Le livre n’est plus le support initial, le référent. Les œuvres sont adaptées, d’un support à l’autre.
Le manga
Les personnages ont un physique très marqué et des expressions souvent exagérées. Initialement il se lit de droite à gauche. Souvent long, commençant leur vie dans des magazines, en noir et blanc, vendu pas cher, idéal pour être lu dans de longs trajets en métro par exemple. Déclinés en genres, sexe et sujet, chaque épisode est assez long et se concentre sur des détaillées avec des découpages complexes : si le dessin se concentre surtout sur les protagonistes et non sur une décoration, l’action est relativement longue en étant découpée.
Le manhwa (coréen)
Souvent aussi publié en webtoon et en couleur
le manhua (chinois)
se lit de gauche à droite, souvent en couleur peu de traductions
Le webtoon
Beaucoup d’amateurs, les publications en couleur proposent une narration très fluide, rapide mais surtout, la lecture se fait verticalement, sur un support numérique : le lecteur maitrise mieux la rapidité de la lecture qui peut être accompagnée de mini animations ou d’effets sonores. Ils peuvent évoluer aussi selon les commentaires, attentes des lecteurs. Un épisode se lit en quelques minutes.
Le roman graphique
S’il ressemble à une BD, il s’affranchit des codes de lectures par cases, propose souvent des histoires plus « sérieuses », de nombreuses adaptations de romans, généralement bien plus imposant qu’une bd en nombre de pages.
FIDELES ADAPTATIONS ?
Nous constatons aussi certaines dufférences bonnes ou mauvaises entre chaque support pour adapter une histoire.

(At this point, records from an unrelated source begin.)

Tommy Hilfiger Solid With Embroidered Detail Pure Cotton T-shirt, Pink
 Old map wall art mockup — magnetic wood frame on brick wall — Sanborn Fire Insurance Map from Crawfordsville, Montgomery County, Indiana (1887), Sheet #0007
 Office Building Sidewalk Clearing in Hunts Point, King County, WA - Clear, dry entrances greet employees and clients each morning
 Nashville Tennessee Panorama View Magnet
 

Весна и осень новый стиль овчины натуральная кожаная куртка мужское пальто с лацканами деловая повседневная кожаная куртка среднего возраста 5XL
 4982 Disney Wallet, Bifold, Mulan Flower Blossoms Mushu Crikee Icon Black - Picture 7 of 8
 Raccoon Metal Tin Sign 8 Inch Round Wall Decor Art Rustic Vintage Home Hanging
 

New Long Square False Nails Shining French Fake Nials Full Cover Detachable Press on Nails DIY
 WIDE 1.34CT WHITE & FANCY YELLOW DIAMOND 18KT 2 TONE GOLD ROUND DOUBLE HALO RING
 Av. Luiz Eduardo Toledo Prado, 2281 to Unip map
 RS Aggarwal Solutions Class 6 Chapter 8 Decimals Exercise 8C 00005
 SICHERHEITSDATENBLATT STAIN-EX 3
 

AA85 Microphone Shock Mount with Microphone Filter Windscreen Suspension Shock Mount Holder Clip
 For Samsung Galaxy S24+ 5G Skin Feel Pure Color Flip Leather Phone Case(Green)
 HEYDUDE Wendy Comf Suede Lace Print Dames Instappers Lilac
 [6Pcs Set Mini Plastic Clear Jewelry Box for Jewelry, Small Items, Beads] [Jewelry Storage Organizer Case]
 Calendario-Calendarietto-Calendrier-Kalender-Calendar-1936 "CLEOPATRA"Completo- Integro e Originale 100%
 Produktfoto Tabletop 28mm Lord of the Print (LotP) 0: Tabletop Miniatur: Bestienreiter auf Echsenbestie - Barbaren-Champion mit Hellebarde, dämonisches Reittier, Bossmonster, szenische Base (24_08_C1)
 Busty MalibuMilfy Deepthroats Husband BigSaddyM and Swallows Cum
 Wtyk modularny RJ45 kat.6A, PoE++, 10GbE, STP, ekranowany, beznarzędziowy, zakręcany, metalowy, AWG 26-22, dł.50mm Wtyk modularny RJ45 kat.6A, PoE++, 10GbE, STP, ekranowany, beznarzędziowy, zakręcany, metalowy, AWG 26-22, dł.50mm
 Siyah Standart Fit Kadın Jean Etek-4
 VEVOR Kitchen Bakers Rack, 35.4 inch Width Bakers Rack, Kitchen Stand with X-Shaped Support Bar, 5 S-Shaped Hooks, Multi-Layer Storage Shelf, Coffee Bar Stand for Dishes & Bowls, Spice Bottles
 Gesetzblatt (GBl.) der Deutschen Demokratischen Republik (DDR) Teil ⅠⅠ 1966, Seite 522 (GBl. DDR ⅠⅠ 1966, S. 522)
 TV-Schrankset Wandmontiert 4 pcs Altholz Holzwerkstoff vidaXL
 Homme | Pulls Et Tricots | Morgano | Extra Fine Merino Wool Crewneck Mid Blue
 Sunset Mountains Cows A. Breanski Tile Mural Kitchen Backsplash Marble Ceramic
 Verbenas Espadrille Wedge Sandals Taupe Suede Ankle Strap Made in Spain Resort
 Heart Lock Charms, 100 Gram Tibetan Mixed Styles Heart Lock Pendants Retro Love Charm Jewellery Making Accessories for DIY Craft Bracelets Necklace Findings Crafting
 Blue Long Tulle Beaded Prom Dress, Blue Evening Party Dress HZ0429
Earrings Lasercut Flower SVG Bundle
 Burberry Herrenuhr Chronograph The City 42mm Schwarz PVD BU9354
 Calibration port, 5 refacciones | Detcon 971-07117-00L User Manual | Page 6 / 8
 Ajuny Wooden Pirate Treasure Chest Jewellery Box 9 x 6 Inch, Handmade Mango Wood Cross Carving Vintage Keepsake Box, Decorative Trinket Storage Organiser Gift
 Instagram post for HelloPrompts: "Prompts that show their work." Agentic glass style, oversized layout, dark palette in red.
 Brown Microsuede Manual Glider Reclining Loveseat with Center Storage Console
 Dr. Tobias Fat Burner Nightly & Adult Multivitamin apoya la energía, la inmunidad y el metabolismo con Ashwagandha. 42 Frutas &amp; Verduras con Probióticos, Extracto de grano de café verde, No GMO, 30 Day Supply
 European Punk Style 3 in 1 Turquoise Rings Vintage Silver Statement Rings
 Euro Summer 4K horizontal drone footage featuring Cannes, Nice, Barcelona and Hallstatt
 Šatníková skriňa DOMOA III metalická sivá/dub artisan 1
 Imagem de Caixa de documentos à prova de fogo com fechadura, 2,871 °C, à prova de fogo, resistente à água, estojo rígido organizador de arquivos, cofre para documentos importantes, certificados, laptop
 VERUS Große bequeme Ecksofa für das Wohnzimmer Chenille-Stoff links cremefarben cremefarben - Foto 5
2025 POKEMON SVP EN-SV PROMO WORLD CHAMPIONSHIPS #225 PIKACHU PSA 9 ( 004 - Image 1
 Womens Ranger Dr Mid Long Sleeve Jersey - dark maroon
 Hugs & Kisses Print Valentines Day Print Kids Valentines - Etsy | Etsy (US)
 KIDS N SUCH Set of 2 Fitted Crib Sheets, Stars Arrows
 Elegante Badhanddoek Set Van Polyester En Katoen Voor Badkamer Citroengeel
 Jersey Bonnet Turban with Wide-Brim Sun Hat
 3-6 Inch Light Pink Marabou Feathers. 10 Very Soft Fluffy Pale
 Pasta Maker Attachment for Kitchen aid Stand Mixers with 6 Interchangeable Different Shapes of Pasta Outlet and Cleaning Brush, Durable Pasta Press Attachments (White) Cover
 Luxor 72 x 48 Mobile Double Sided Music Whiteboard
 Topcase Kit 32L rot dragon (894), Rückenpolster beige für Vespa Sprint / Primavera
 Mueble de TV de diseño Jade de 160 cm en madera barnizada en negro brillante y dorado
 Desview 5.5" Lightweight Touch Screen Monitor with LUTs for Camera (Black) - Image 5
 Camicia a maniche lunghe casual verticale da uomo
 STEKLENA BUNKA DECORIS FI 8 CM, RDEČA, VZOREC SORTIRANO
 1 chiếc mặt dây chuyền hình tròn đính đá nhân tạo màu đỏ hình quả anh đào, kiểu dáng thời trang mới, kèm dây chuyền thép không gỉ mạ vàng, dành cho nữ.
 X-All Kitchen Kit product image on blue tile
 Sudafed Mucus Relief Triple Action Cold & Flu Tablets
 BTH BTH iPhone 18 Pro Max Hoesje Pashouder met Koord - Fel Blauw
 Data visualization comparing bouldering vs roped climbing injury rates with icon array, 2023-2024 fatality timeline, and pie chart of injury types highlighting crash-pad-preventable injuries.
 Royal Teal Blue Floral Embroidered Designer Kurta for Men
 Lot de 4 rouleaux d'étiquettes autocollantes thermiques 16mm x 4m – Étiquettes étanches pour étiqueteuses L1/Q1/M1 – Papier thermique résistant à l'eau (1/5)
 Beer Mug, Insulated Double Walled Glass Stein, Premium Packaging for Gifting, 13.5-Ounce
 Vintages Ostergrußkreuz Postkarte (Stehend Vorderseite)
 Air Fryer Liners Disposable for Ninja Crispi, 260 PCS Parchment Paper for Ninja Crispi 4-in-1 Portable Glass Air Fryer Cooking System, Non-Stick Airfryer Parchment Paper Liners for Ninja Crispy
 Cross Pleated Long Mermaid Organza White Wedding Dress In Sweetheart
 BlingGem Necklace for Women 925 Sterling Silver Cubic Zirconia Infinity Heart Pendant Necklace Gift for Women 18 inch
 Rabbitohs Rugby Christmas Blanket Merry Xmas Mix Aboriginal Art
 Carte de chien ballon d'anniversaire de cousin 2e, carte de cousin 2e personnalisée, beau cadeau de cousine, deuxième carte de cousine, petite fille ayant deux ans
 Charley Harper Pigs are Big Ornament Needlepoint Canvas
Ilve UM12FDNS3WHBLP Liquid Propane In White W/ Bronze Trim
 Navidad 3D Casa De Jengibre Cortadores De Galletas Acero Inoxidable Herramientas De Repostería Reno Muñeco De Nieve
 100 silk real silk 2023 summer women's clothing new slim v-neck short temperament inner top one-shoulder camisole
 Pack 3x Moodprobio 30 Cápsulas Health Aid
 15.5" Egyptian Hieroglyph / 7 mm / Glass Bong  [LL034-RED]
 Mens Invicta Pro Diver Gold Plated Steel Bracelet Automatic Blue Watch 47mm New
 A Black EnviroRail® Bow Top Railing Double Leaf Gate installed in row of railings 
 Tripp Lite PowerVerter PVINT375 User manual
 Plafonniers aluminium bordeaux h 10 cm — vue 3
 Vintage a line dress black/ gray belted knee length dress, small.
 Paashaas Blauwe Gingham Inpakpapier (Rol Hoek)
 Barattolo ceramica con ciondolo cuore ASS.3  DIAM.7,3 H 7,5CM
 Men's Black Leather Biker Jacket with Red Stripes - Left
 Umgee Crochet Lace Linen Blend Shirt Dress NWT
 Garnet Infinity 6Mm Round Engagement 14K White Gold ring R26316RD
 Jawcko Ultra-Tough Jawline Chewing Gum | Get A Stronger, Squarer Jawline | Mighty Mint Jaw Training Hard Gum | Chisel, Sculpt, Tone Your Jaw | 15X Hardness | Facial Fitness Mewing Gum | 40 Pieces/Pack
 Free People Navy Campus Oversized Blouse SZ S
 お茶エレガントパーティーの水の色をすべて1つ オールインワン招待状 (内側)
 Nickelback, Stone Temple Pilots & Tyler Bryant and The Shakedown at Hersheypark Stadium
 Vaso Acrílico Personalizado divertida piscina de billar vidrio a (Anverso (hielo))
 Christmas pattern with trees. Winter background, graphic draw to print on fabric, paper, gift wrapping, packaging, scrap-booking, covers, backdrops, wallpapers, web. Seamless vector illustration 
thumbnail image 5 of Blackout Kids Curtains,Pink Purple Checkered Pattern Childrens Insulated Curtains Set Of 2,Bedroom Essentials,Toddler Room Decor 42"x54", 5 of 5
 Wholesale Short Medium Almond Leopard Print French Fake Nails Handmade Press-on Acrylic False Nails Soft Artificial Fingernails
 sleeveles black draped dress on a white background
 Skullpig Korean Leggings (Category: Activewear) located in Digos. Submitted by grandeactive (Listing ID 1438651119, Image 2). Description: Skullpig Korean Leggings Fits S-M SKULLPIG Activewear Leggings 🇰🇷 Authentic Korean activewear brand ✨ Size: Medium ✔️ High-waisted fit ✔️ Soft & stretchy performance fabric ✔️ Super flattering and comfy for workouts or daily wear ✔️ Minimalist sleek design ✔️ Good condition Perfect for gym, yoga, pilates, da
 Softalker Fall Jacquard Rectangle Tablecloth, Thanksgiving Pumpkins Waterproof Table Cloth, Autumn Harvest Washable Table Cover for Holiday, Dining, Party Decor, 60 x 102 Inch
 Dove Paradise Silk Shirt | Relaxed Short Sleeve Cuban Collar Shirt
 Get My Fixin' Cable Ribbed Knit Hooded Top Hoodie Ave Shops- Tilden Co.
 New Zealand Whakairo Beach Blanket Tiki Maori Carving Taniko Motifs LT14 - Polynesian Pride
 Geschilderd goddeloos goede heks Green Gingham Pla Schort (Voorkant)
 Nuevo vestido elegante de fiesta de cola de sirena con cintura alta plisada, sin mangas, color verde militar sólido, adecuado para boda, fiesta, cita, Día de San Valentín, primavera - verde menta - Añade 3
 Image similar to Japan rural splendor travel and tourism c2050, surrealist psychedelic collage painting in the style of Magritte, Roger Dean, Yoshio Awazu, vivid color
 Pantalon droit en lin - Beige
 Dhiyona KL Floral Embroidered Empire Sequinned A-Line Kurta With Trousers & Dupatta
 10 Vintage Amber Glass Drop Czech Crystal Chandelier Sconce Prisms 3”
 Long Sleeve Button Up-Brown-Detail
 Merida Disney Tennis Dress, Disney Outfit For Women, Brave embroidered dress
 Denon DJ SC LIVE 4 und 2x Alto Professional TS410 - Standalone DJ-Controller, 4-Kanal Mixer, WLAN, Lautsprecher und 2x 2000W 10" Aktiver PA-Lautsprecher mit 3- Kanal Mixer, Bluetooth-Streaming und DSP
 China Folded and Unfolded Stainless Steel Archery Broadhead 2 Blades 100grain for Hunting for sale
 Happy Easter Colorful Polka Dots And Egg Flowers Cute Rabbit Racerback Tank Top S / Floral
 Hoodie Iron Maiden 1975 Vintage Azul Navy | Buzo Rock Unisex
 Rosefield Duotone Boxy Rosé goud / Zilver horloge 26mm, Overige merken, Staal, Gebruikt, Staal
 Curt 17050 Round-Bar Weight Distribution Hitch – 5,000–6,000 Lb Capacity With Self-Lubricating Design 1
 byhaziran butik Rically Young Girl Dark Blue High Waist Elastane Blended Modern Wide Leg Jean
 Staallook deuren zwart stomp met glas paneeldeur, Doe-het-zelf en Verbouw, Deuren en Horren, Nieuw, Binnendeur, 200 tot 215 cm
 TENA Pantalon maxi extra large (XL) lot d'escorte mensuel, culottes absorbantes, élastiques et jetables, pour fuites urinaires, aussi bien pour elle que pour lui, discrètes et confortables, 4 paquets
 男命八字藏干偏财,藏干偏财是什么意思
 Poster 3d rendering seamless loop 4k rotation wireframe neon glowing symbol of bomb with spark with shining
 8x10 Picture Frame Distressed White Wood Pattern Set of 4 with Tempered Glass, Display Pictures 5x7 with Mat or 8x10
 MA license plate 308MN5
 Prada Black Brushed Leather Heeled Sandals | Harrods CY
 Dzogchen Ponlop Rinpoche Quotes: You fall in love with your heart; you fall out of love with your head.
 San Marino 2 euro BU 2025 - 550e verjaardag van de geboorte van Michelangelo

Le manga permet de séquencer des actions, de les rendre longues, de les suspendre, ce que ne fait que rarement l’animé ; certaines censures peuvent se faire aussi dans l’adaptation en animé. La couleur, la musique ou l’ajout de décors peuvent aussi sensiblement changer le ton, l’histoire : certains studios font une adaptation très proche, d’autres ajoutent leur identité à l’animé. Depuis quelques années, de plus en plus de manga sont adaptés en roman. Une lecture très différente permettant peut-être de développer la psychologie des personnages ; ces adaptations globalement sont bien appréciées.
L’adaptation du roman en animé ou film peut permettre tout comme l’adaptation du manga, d’allonger l’histoire, mais l’adaptation d’un roman sera et restera la vision, la lecture du réalisateur et en aucun cas celle du lecteur.
Si le manga et l’animé nous propose qu’une facette des cultures asiatiques, le roman adapté au cinéma une représentation des communautés asiatiques des Etats-Unis, le cinéma, avec des films non asiatiques, montre des personnages asiatiques et, physiquement, on ne peut que les remarquer.